Excerpted records:
┄┄┄┄┄┄┄┄┄┄┄┄┄┄┄┄┄┄┄┄

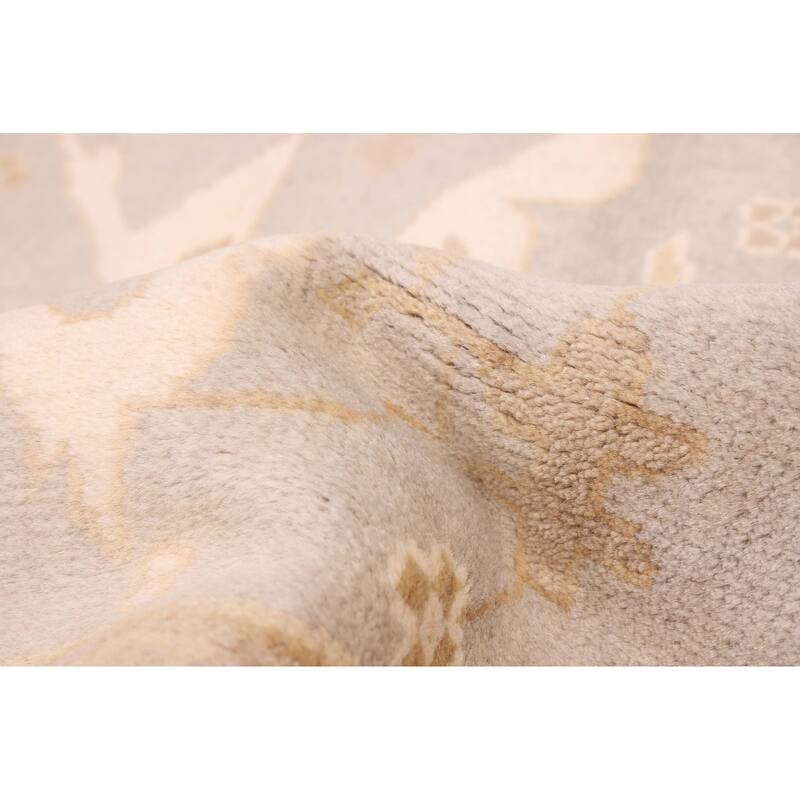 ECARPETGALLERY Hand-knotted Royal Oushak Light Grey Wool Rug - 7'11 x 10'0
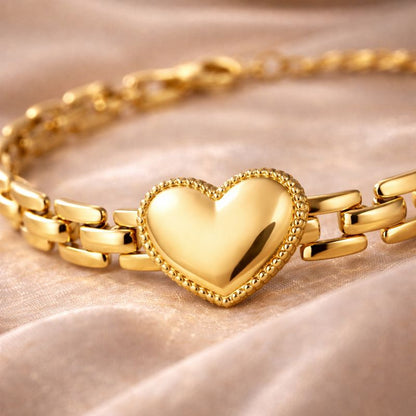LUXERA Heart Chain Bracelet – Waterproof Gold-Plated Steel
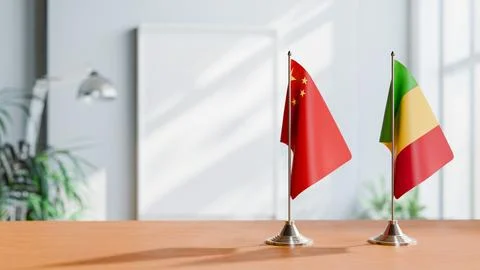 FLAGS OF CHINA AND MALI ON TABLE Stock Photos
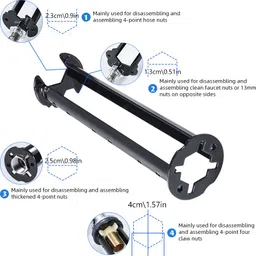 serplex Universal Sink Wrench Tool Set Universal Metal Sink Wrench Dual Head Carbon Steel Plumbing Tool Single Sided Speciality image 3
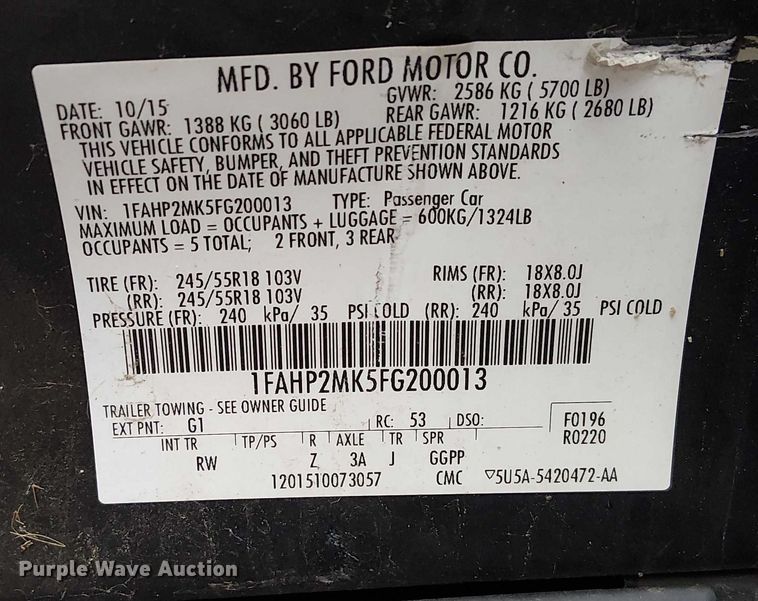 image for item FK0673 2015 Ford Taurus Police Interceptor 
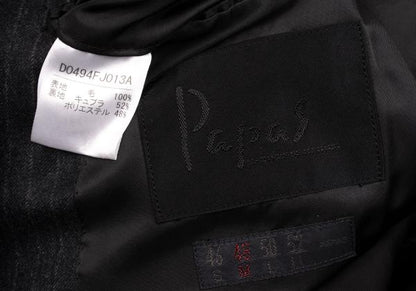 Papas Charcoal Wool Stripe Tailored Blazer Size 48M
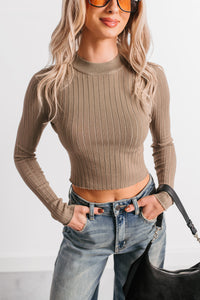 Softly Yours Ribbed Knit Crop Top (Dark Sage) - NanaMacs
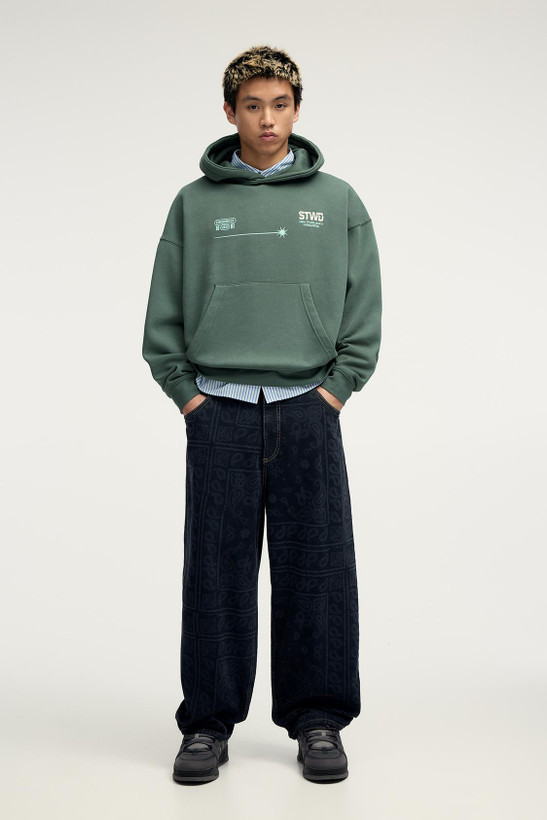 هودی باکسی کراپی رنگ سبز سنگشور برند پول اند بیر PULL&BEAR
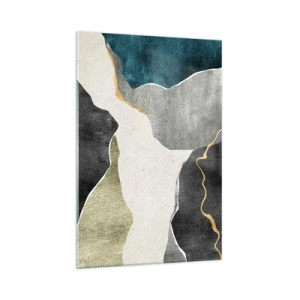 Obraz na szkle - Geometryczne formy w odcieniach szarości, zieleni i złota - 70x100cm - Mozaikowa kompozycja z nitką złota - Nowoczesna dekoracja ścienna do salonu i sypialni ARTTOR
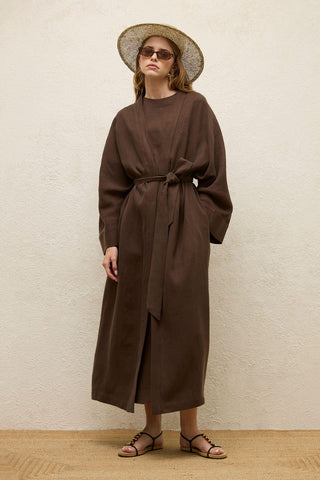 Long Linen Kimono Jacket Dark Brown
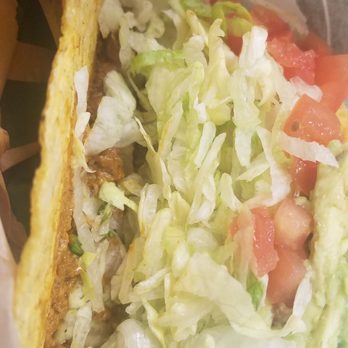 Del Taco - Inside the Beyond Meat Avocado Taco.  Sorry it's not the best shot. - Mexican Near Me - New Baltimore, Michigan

┄┄┄┄┄┄┄┄┄┄┄┄┄┄┄┄┄┄┄┄

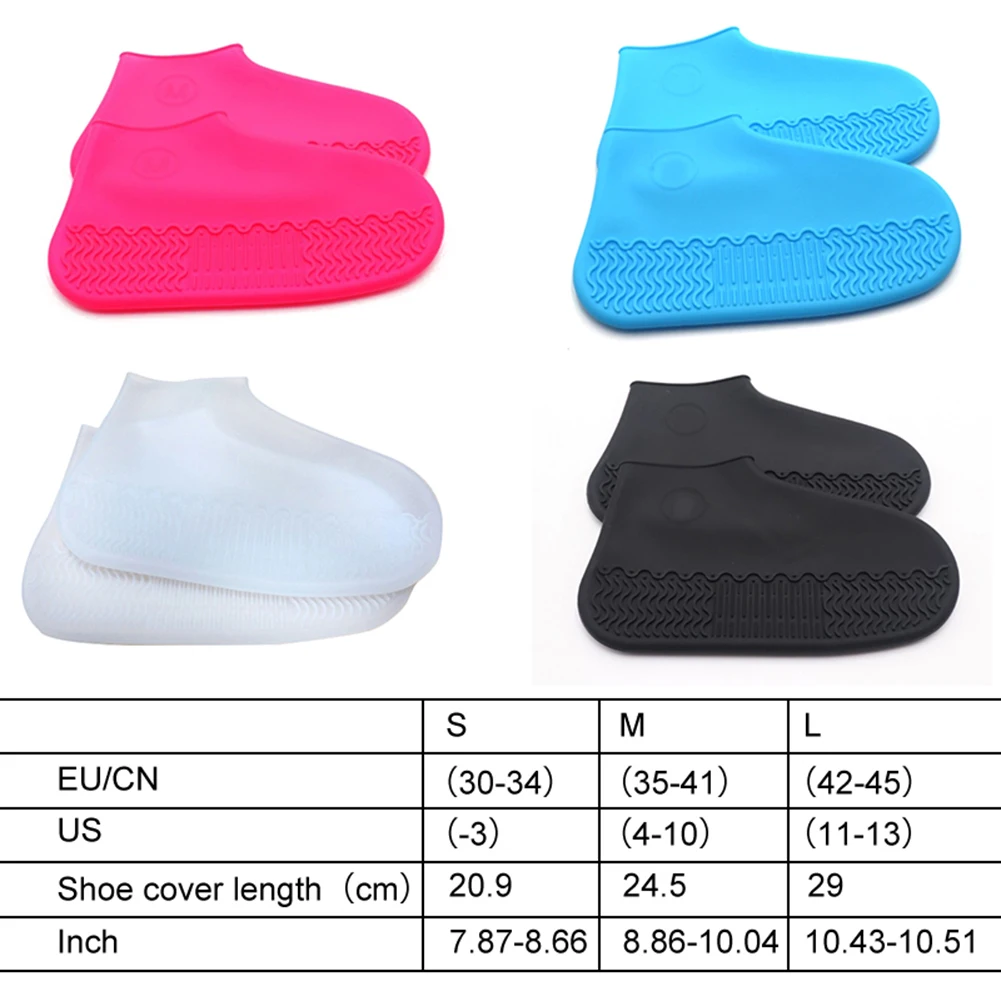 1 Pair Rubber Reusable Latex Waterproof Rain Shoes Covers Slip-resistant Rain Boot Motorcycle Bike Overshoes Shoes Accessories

┄┄┄┄┄┄┄┄┄┄┄┄┄┄┄┄┄┄┄┄

Exercise directions: What should come back is an exact copy of the lines above from the line with "ECARPETGALLERY Hand-knotted Royal" to the line with "FLAGS OF CHINA", both included, minus the pictures.

Exercise answer:
 ECARPETGALLERY Hand-knotted Royal Oushak Light Grey Wool Rug - 7'11 x 10'0
LUXERA Heart Chain Bracelet – Waterproof Gold-Plated Steel
 FLAGS OF CHINA AND MALI ON TABLE Stock Photos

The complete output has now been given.